• **Stored data**

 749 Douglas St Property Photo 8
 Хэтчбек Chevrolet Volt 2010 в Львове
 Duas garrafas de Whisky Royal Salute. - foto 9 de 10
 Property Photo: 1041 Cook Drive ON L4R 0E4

==

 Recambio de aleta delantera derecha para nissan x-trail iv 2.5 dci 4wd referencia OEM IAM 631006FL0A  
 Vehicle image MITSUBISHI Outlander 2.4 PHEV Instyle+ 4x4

--

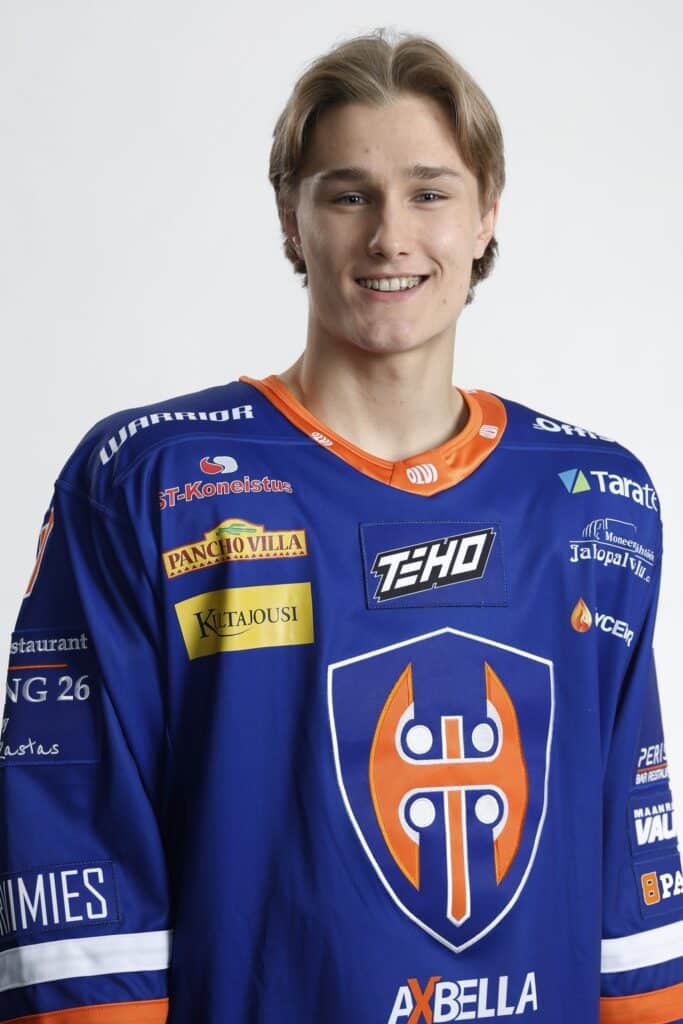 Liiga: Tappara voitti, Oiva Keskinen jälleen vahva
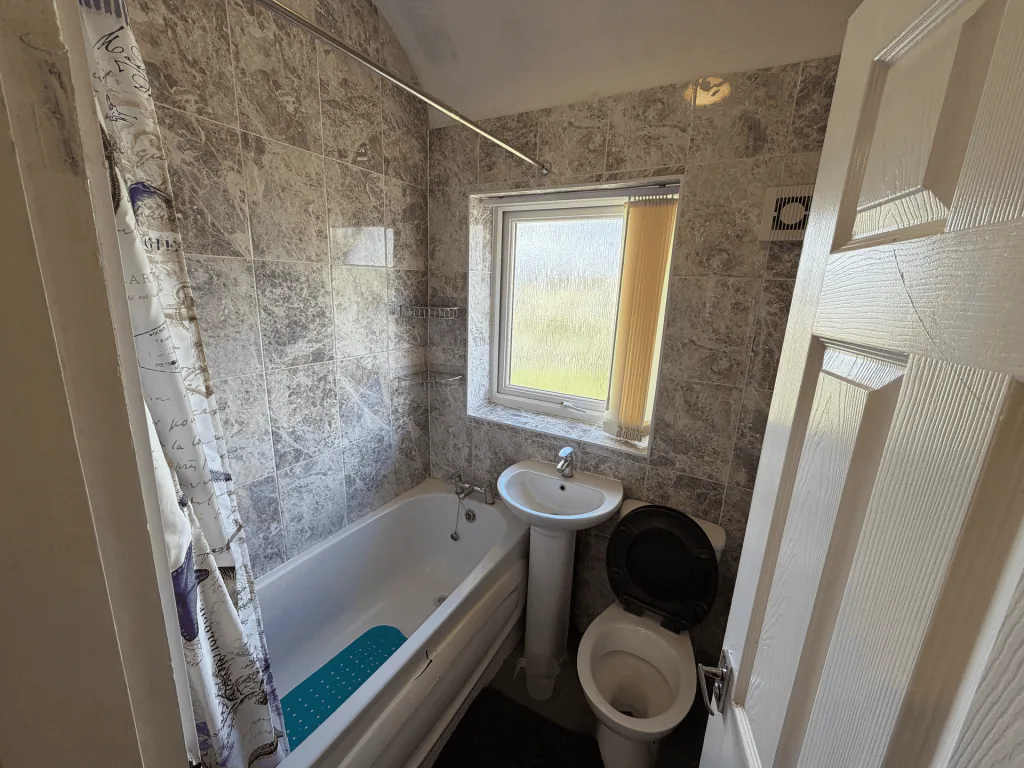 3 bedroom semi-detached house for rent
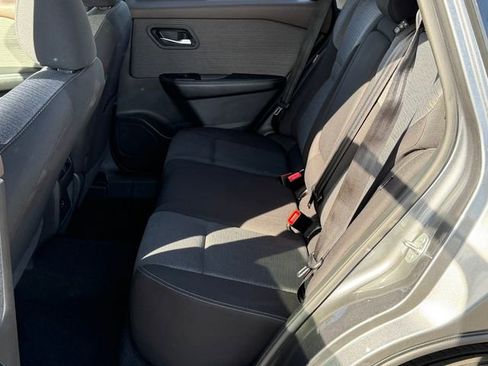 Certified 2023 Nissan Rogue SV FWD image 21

• **Assigned task**
Beginning with the line holding "749 Douglas St Property Photo 8" and ending with the line holding "Property Photo: 1041 Cook Drive ON L4R 0E4", write out the stretch of material above exactly; add no further lines.

• **Completed task**
 749 Douglas St Property Photo 8
 Хэтчбек Chevrolet Volt 2010 в Львове
 Duas garrafas de Whisky Royal Salute. - foto 9 de 10
 Property Photo: 1041 Cook Drive ON L4R 0E4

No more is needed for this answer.